Pakistan and Saudi Arabia
In the case of the Islamic Republic of Pakistan and the Kingdom of Saudi Arabia, relations have generally been rather steady. The close and extremely friendly relationship between the two countries is built on interests. But despite the long and successful history of a “special relationship,” the core of the Pakistani-Saudi relationship has remained narrow and need-based. It has focused on geopolitical security, complemented by expatriate labor and religious tourism in the form of Umrah and Hajj pilgrims from one side, and financial aid from the other.
History shows that state relationships are more resilient if they are built on full potential and add “surplus value.” This means they harness the full potential in each other’s countries, and turn “1+1” into more than just two. To accomplish this, multiple elements must do the hard work to deepen ties. A critical element is commercial bonds that can be developed between entrepreneurs, businesspeople and other private sector members of both countries. These bonds should be strengthened in strategic interests wherever possible.
Between Pakistan and Saudi Arabia, various commissions, councils, trade bodies, etc. have been created for this purpose but they have mostly not been successful. The reasons are many, but include efforts that are not focused on the “bottom line” and depend on the whims of who is in power. True entrepreneurial thinking was also not brought to the task. In some cases, well-meaning diplomats and bureaucrats talk about promoting private sector involvement. But many of these officials are not entrepreneurs. In some cases, they are even skeptical of the profit motive. At best, they can create enabling conditions but they cannot drive actual commerce.

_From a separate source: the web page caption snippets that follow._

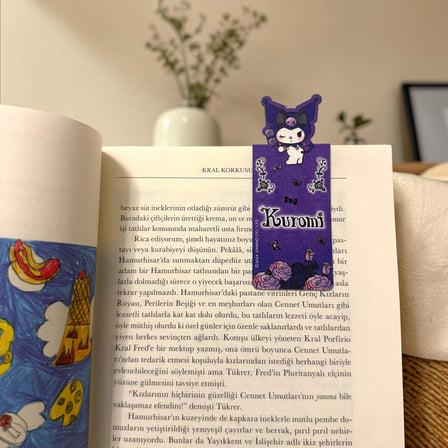 BakGelAl Sanrio Lisanslı Kuromi 3’lü Manyetik Kitap Ayracı Seti – Gül Temalı Mor Tasarım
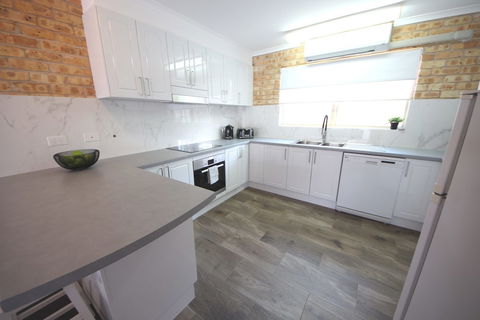 Ocean Shores Unit  No 4 - Port Augusta Accommodation 2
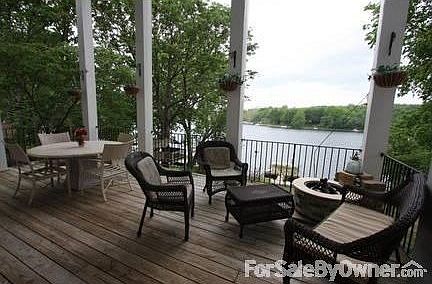 Massive covered deck
						:
						Outdoor living area for entertaining w/high ceiling covered deck.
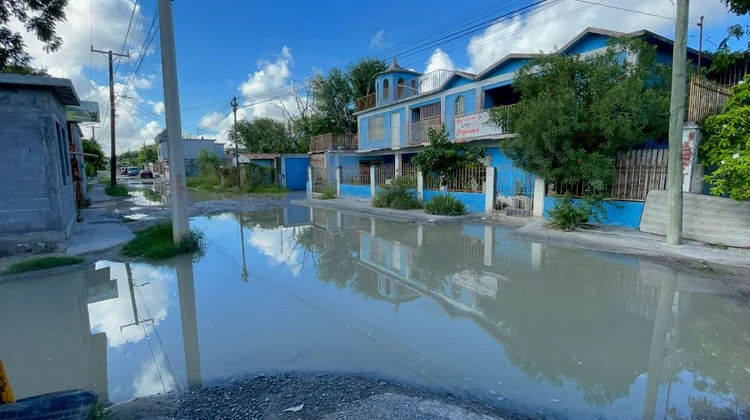 Exigen solución tras 30 años de fugas de agua y drenaje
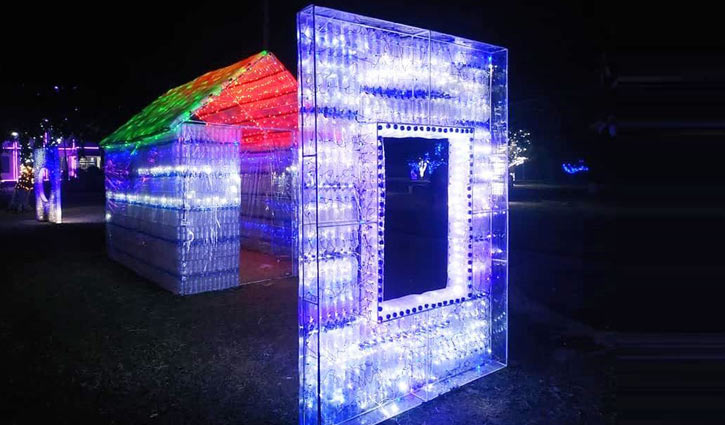 আলোকসজ্জায় প্লাস্টিকের বোতলের ঘর-টাওয়ার!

Times are changing in both countries. There is a renewed vigor to revisit the core foundation of the relationship between Pakistan and Saudi Arabia, and to broaden it. This is exemplified by the upcoming visit of Crown Prince Mohammed bin Salman to Pakistan, following earlier visits of Prime Minister Imran Khan to Saudi Arabia. Both leaders have championed transformative visions for their country’s future under the “Naya Pakistan” and “Vision 2030” initiatives respectively. The talk between the leaders is now more about investment than aid; albeit still state-to-state investment, and one-way. To build on this momentum, it is time to think about “out of the box” ideas that fully leverage the potential of both our people.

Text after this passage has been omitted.